Shajirr
Shajirr

Reputation: 163

Saving data of multi-stage jsp forms

In my application I have many different JSP forms with multiple stages, that is after each stage the request is send to the Servlet and processed to generate the next form. The problem is that I need to keep the state of these forms (like in JSF where it is done automatically), so that the user won't have to eneter all the data each time he gets to the error page or navigates back to reenter something he wants to change.

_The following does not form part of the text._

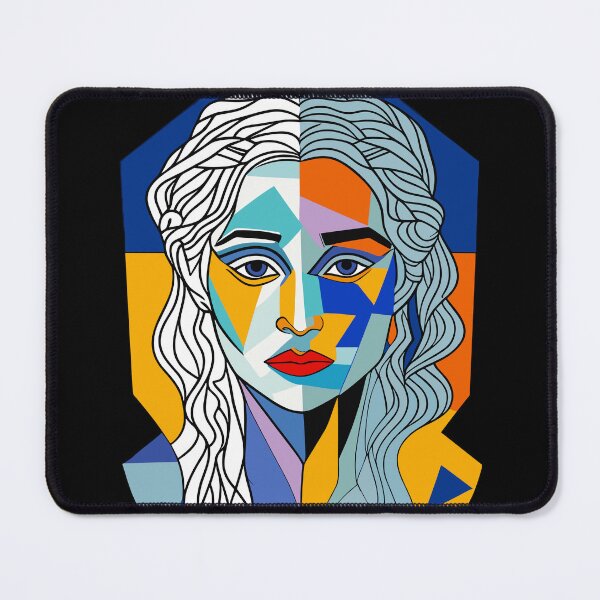 Item preview, Portrait of Dragon Queen designed and sold by Ikibrai.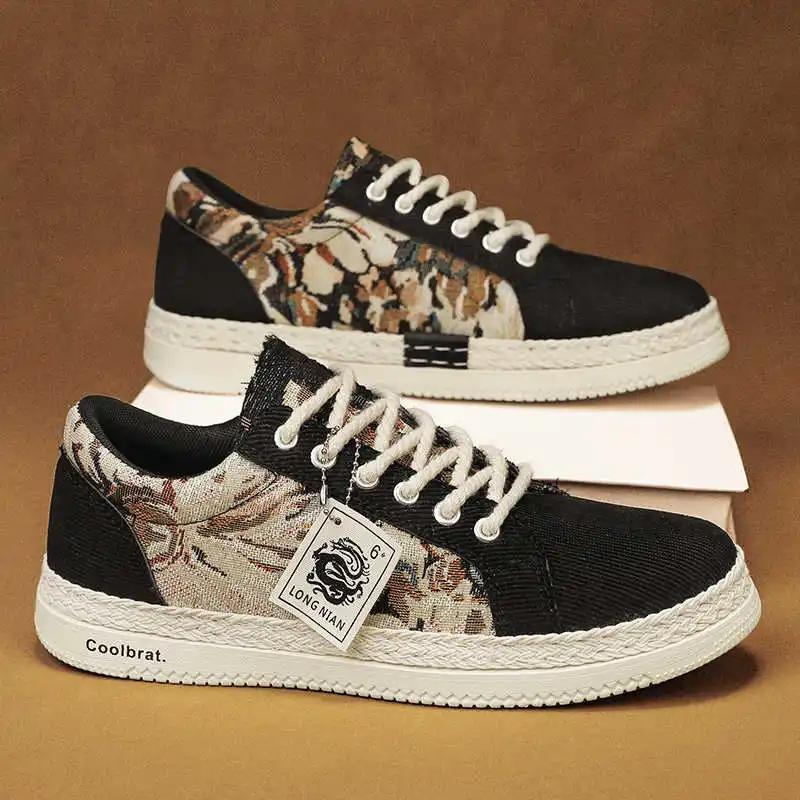 Fashion Light Slip-ons Shoes 35 Casual High Quality Women's Sneakers Trend Sports Top Grade Character Tenisky Top Grade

What is the best approach:
1) Store all data in the session, and remove it once the user submitted the final stage of the form.
2) Store it all in the request scope, and read/write each time the user navigates to the different page. However, this does not seem logical since if I save stage 1 and need its data in stage 4, I have to read/write it 3 times instead of just 1 time when using the session scope, and each time the amount of data to be read/written increases.

Upvotes: 2

Views: 1788

Answers (3)

You should handle steps of the form on client side. and send all of the values together. This will save you a lot of work on session values.

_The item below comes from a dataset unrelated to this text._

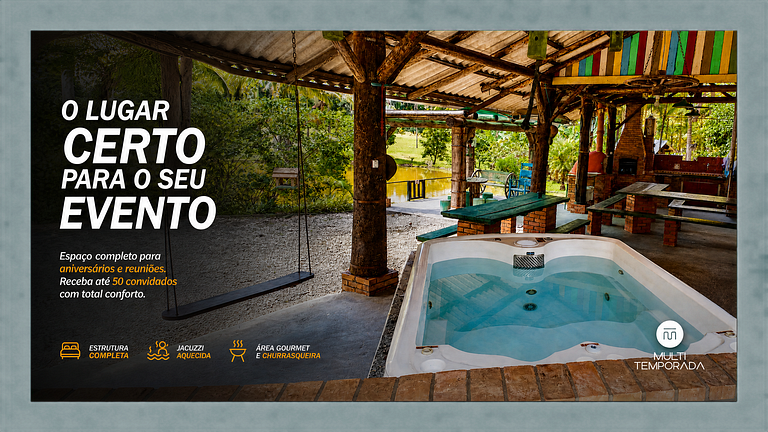Sitio Libardo em Meio a Natureza - Nova Trento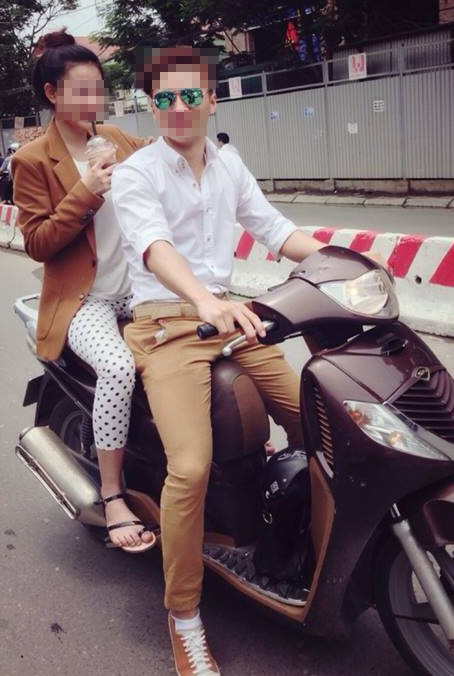 Nhiều bạn trẻ cho rằng xe SH có giá trị vô hình giúp các chàng trai hấp dẫn hơn. Ảnh minh họa: Facebook.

Create a div for each step, wrap them with a form tag, show - hide the divs accordingly. also if you use jquery, selection of dom elements would be much easier.

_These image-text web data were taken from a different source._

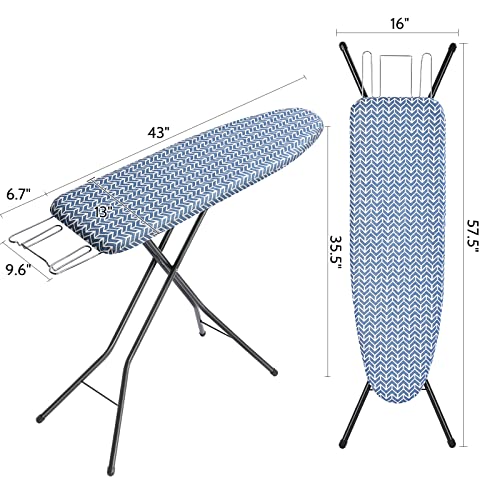 Foldable Ironing Board Full Size 43x13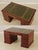 English Green Leather Top Mahogany Executive Desk For Sale - Image 9 of 18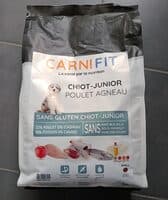 Carnifit Chiot-Junior Poulet Agneau
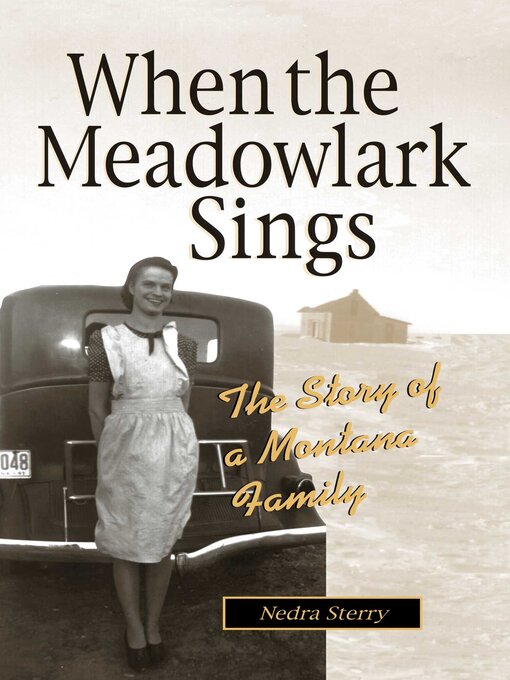Title details for When the Meadowlark Sings by Nedra Sterry - Available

if you have to make a query on the server side, then the obvious choice is session values, assuming that you don't want to use AJAX, nor JSON.

Upvotes: 1

Istvan Devai
Istvan Devai

Reputation: 4022

Both are doable, it depends on your use-case.

  • If you need a calculation after each step and need to send data to the server anyways, session is better.

  • If client is Javascript heavy, you can collect all data and only send it after the final step. This would work only if the steps do not depend on data entered.

If you go for the session approach, be careful to make it work when the user opens your app in multiple tabs. This could be done by detecting the session attribute already in the session, or naming the attribute in a way that does not cause conflict.

Upvotes: 1

Gertjan Assies
Gertjan Assies

Reputation: 1900

session scope should be fine

Just keep in mind that session is usually stored in memory so on very busy webservers it can take up a lot of memory.